START PROVIDED DATA

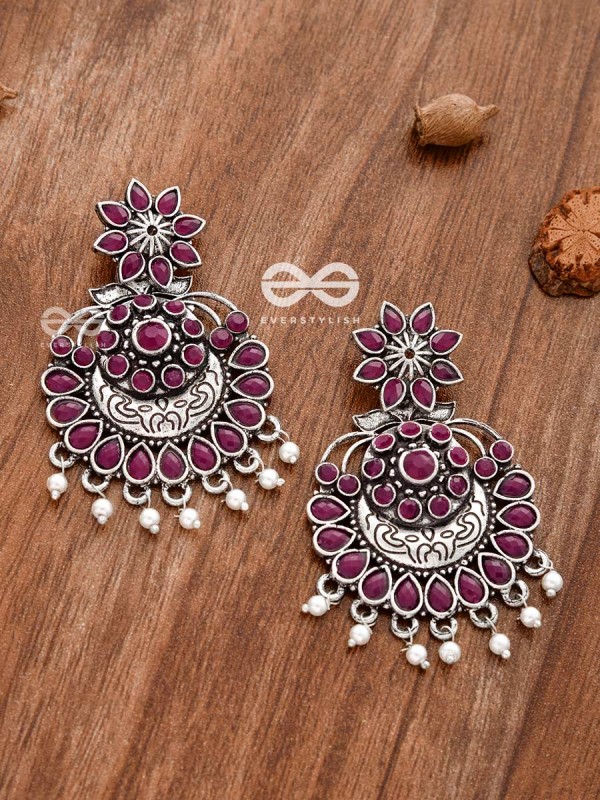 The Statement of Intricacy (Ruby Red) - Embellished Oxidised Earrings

END PROVIDED DATA
START PROVIDED DATA

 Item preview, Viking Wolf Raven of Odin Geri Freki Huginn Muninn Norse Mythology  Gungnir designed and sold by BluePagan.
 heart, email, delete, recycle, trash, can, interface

END PROVIDED DATA

From the data above, return every line from the line that has "Item preview, Viking" up to and including the line that has "heart, email, delete, recycle, trash, can, interface", exactly.

 Item preview, Viking Wolf Raven of Odin Geri Freki Huginn Muninn Norse Mythology  Gungnir designed and sold by BluePagan.
 heart, email, delete, recycle, trash, can, interface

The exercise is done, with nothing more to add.